La France est le pays d’Europe où réside la plus importante population juive. Les Juifs représentent entre 450 et 550 000 personnes selon les auteurs et les définitions, soit moins de 1 % de la population française, mais subissent entre un tiers et la moitié des actes identifiés comme « racistes » : assassinats, meurtres, violences et agressions physiques, verbales et écrites, dégradations de bâtiments, profanations de cimetières.

Dans l’ensemble, l’antisémitisme semble reculer dans la population française alors qu’il se renforce dans trois groupes responsables de l’augmentation considérable et constante des actes antisémites :

  • une extrême droite minoritaire composée de nombreux groupuscules actifs et très présente sur l’Internet mais qui ne s’attaque pas aux personnes ;
  • une extrême gauche et une gauche « antisioniste » chez qui la haine d’Israël est le masque ténu d’un antisémitisme historique ;
  • une population musulmane entretenue dans un antisémitisme culturel profondément enraciné [1].
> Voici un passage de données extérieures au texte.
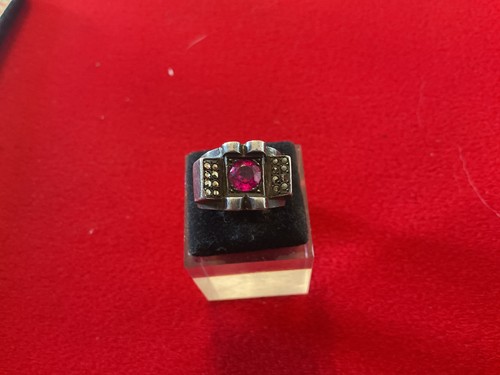 Bague tank art déco - , et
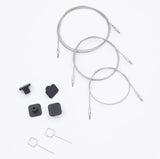 knit pro new petite cables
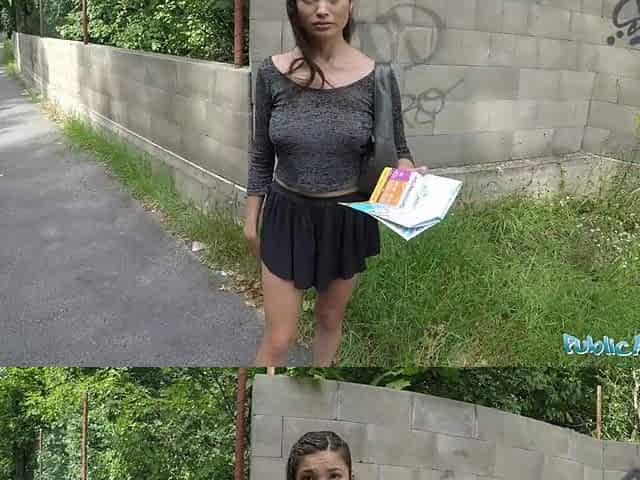 Public Agent Lost Tourist Screwed outside underneath a Bridge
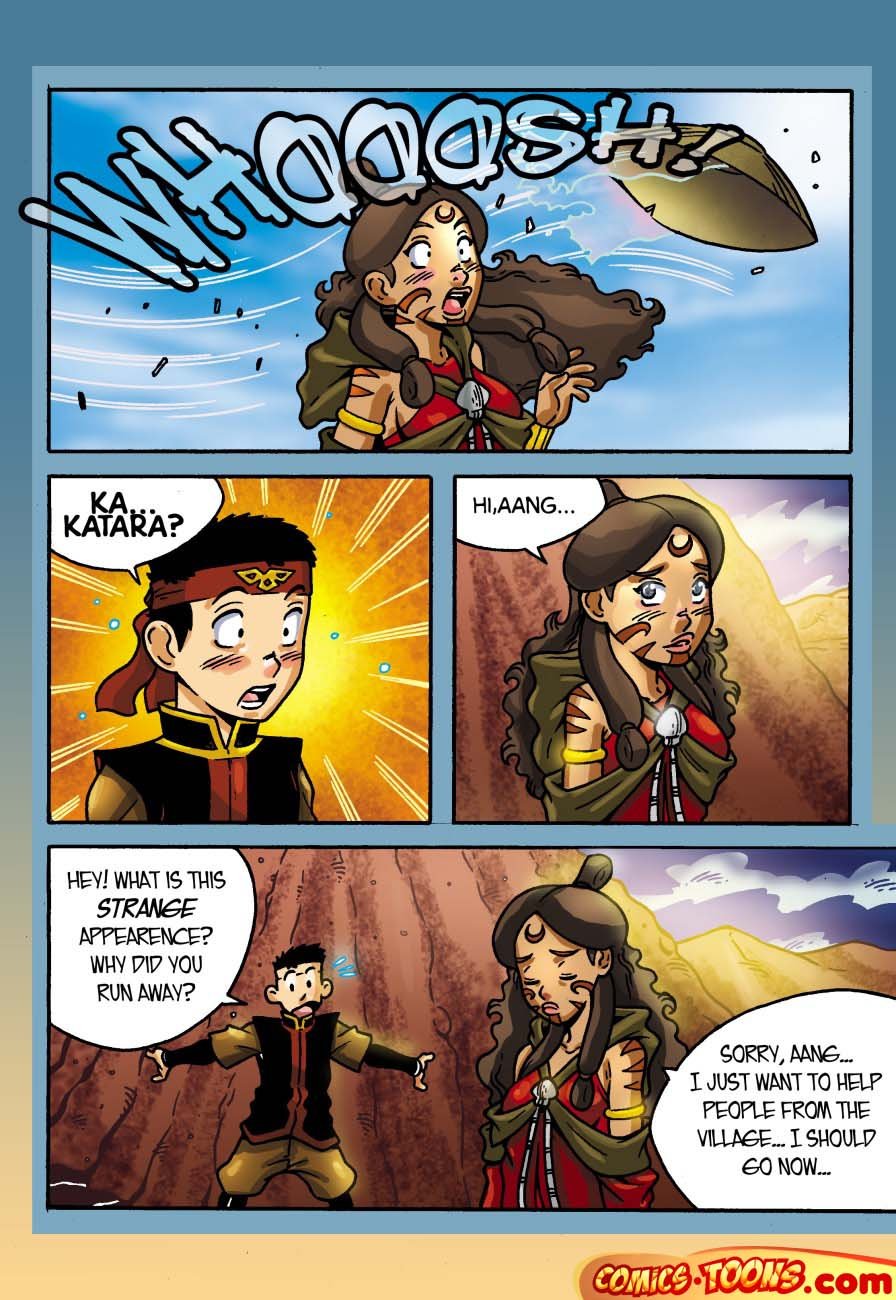 Avatar Comics (Avatar the Last Airbender) [Comics-Toons] 2 . Avatar Comics - The Painted Lady - Chapter 2 (Avatar the Last Airbender) [Comics-Toons] – page 2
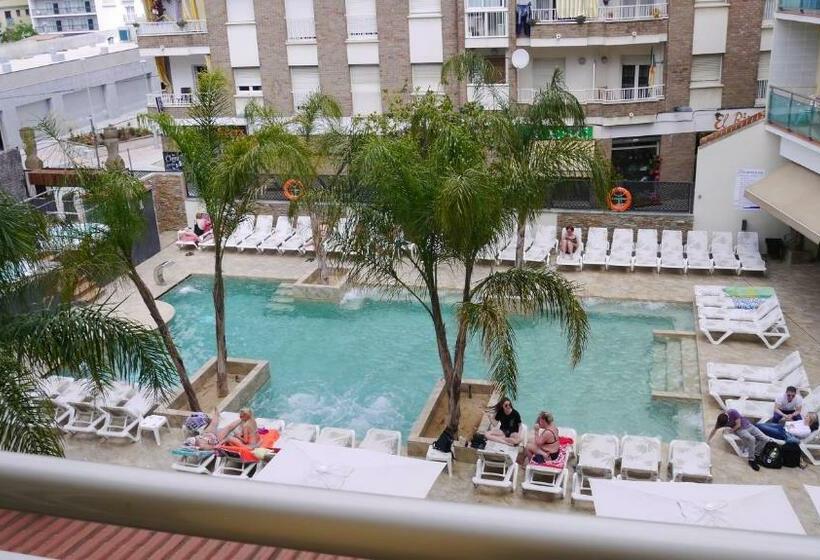 プールビュースタンダードルーム, La Palmera & Spa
Le climat social tendu en France depuis plusieurs années ajoute à la recherche de boucs émissaires et d’ennemis communs. L’antisémitisme crée un pont entre ces trois groupes pour lesquels les Juifs jouent ce double rôle traditionnel. Il s’exprime dans tous les espaces sociaux, notamment dans l’institution scolaire. L’Internet joue un rôle déterminant dans sa diffusion.

Malgré une prise de conscience tardive de l’importance du phénomène antisémite par les pouvoirs publics et la société civile, les agressions contre les Juifs se multiplient et surtout se banalisent. La tendance au double déni de la responsabilité de l’extrême gauche antisioniste, d’une part, et de certains groupes islamiques, d’autre part, reste profondément ancrée dans la société française pour des raisons culturelles et électorales.

Les Juifs ont tendance à adopter des stratégies sociales de discrétion, d’évitement, voire de fuite hors de France. Légalistes, ils s’en remettent aux pouvoirs publics pour assurer leur protection mais sont déboutés par ce qui leur semble être l’inefficacité des instruments judiciaires, en contradiction avec les déclarations politiques des gouvernants.

2.  Méthodologie

La question de la définition de l’antisémitisme et de l’utilisation de ce terme plutôt que « judéophobie » est traitée dans les ouvrages spécialisés. On trouvera les interprétations du phénomène antisémite dans une bibliographie abondante [2]. Antisémitisme signifie dans les pages qui suivent « hostilité envers les Juifs » pour ce qu’ils sont, tout simplement. Est considérée comme appartenant au peuple juif toute personne qui se perçoit comme juive, indépendamment de son ascendance, de sa pratique ou de son origine culturelle (d’où la majuscule par opposition à une perception strictement religieuse).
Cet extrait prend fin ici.